Él no era pueblerino, yo sí; él era de los otros, de los ricos que venían al pueblo a cazar para divertirse, yo de los que desde la distancia observábamos toda su parafernalia, oíamos los tiros, los veíamos patearse el monte escopeta al hombro, siempre con una jauría de perros cuyos ladridos nos llegaban a merced del viento. Hablaban con la gente de manera afable, entusiasta; se despedían hasta la próxima veda y el pueblo volvía a su rutina, como si ese paréntesis no hubiera existido.
Solo uno vio más allá de la mirilla de su escopeta, se quedó impresionado del paisaje y el paisanaje de las tierras de Castilla, conoció a las gentes del campo, sus condiciones de vida miserables, sus valores personales, su sentido del deber, de la justicia y del respeto tanto al prójimo como al entorno. No captó simplemente lo pintoresco, fue más allá, lo escudriñó todo y creyó en esta realidad tanto, como para poner su talento de escritor en ella.
Sus novelas son tristes porque al autor le duele esa existencia que denuncia y a la vez, admira a esos personajes por su desarrollo intelectual, natural y por su calidad humana.
Qué voy a contar yo de Miguel Delibes que no se haya dicho ya estos días por los críticos y conocedores de su vida y su obra.
Cuando veo su imagen en los medios de comunicación, aun sabiendo que su vida acomodada en Valladolid dista mucho de las de los personajes de sus novelas, no puedo evitar verlo como uno más. Al lado del Sr. Cayo, Paco el Bajo, Daniel el Mochuelo, el Nini… y tantos y tantos a los que dotó de vida propia para seguir viviendo en esa obra que trasciende al autor.

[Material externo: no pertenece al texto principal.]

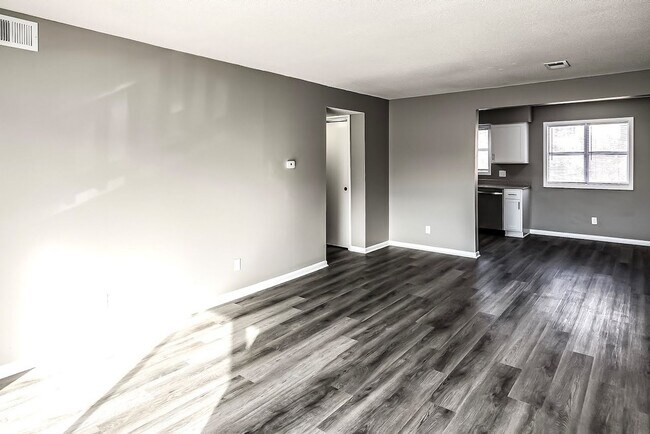 Foto del edificio - Full Renovated 1-bedroom apartment home with large balcony!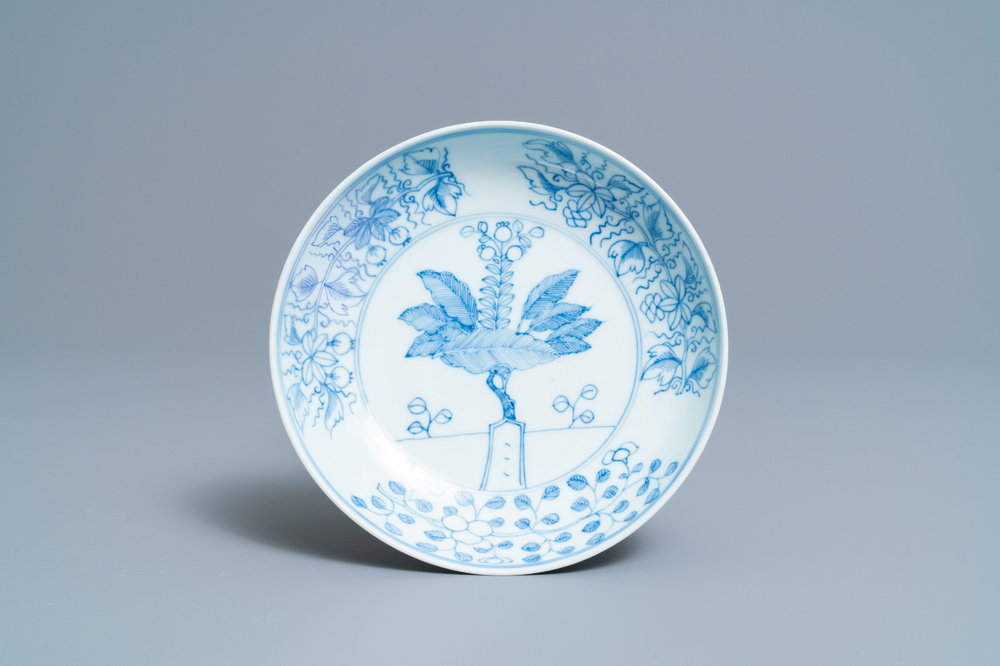 Une assiette en porcelaine de Chine en bleu et blanc &agrave; d&eacute;cor d'un grenadier, marque et &eacute;poque de Yongzheng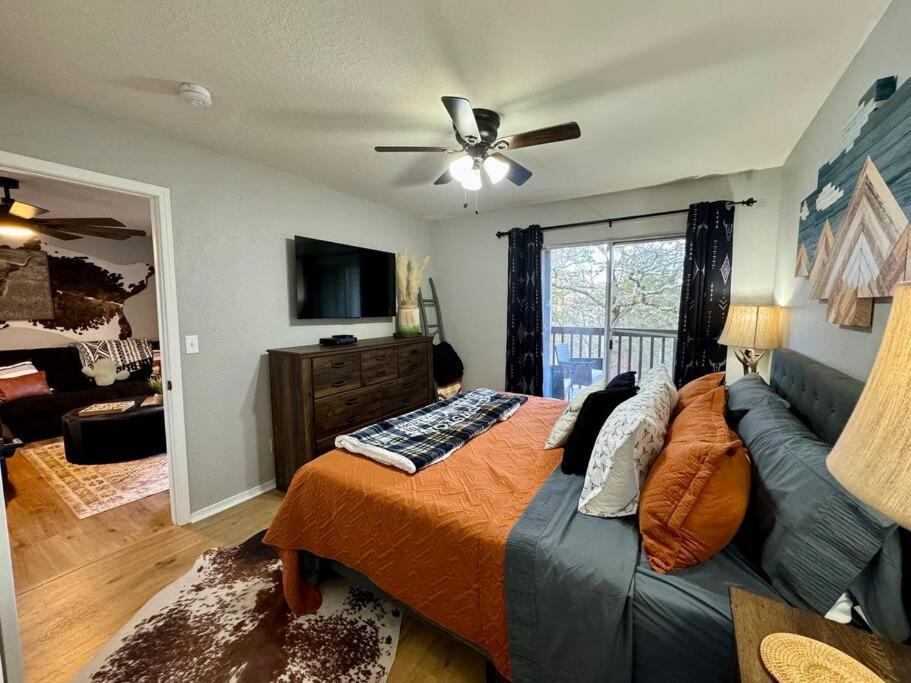 Modern Comfort: Updated Cozy Condo In Indian Point Branson Bagian luar foto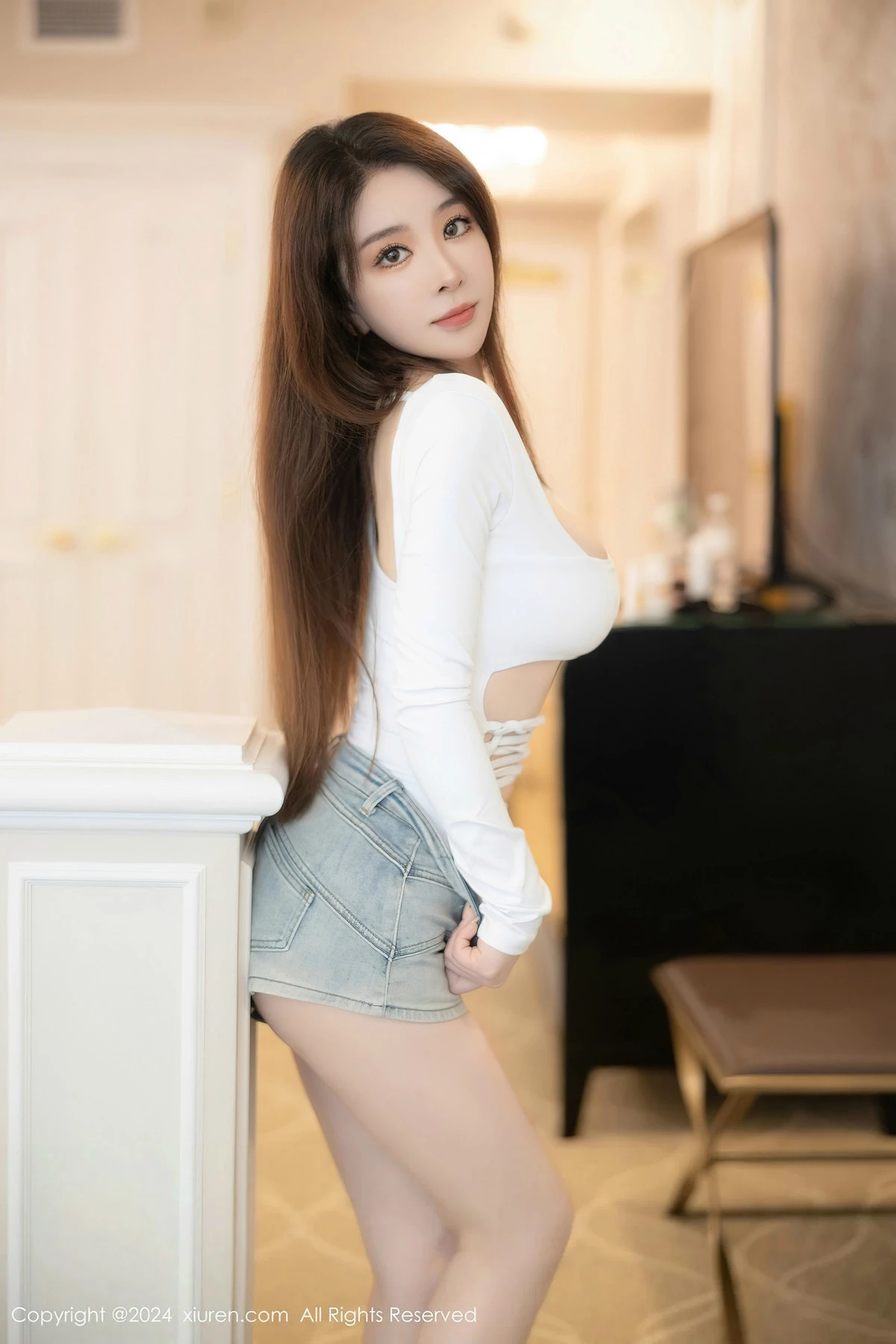 秀人集.com_[XiuRen秀人网]No.8366_模特雨儿酱eve性感白色高叉连体情趣服秀丰腴身材惹火诱惑写真81P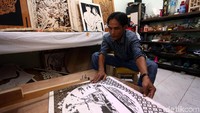 Tinggal di wilayah perbatasan Singapura dan Malaysia, kata Sharuddin juga memberikan keuntungan tersendiri bagi produk lukisan tripleknya. Dia menceritakan, produknya pernah dipesan oleh seorang anak sultan Malaysia.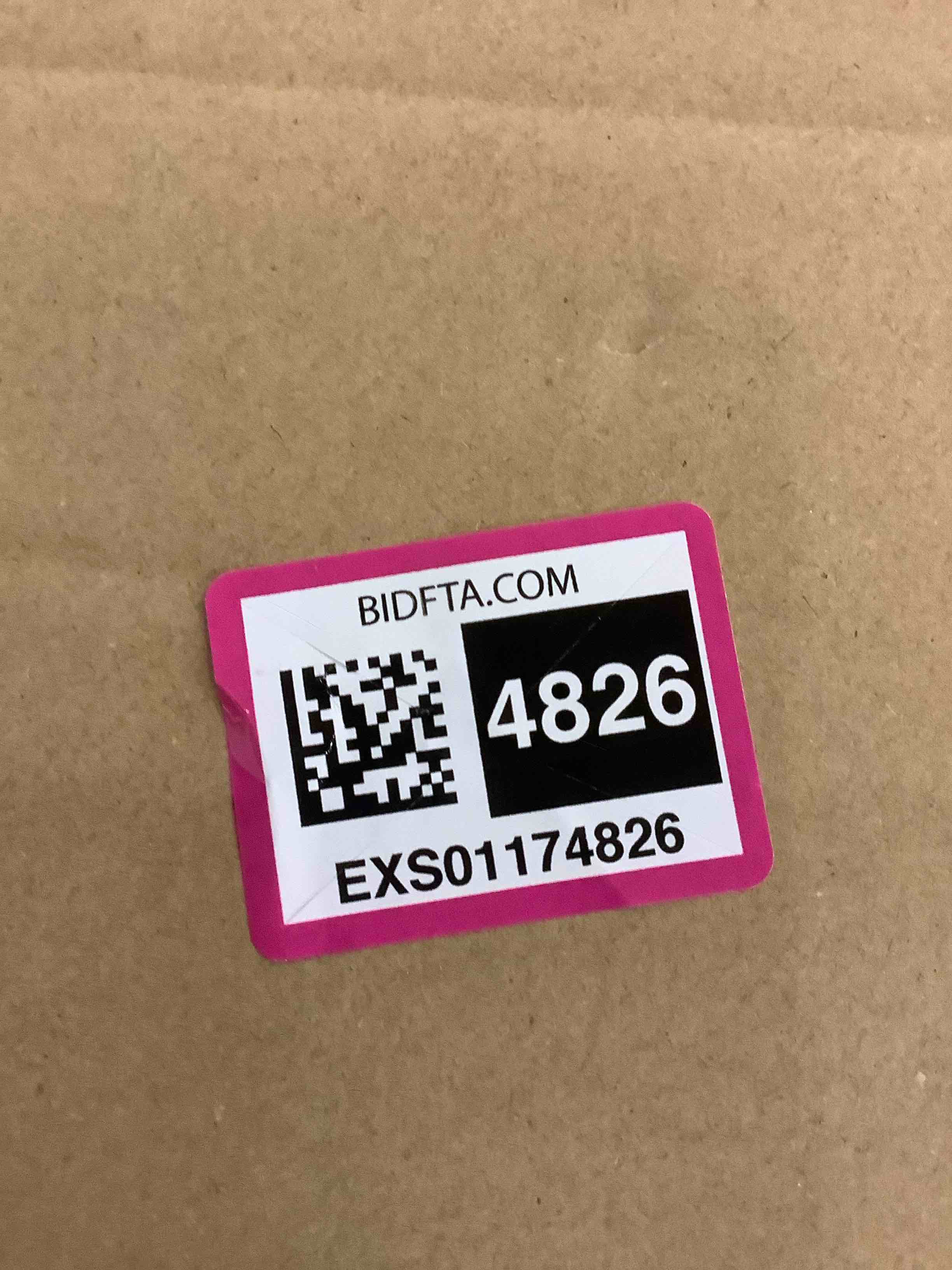https://s3.amazonaws.com/lotting-images-prod/BargainHunt/EXS01174826_1708107776615.jpeg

A mí me resulta paradójico que los grandes intelectuales y eruditos tachen a Delibes de provinciano por quedarse a vivir siempre en Valladolid, por no querer promocionar y para ello dar el salto e irse a la capital, Madrid. ¿No promocionar en lo económico?, tal vez. Evaluarlo en ese aspecto, es no conocerlo. Creo que el viaje mental que Delibes hizo supuso mucho más esfuerzo que aquel al que se negó. Cambiar de Valladolid a Madrid es cuestión de tamaño, meterse en la vida y en el corazón de la gente rural de los 60, supone desprenderse de muchos prejuicios, hacer la lectura sin influencias ni condicionantes y llegar a la capacidad de asombro propia de un niño en cuanto que descubre algo como si fuera la primera vez.
Hasta ahora Delibes estaba unido a Valladolid, ojalá a partir de ahora Valladolid se asocie en la mente de todos los que la visiten a Delibes; como Praga está unida a kafka. Es una tarea que les queda por hacer a los de la ciudad, se lo deben.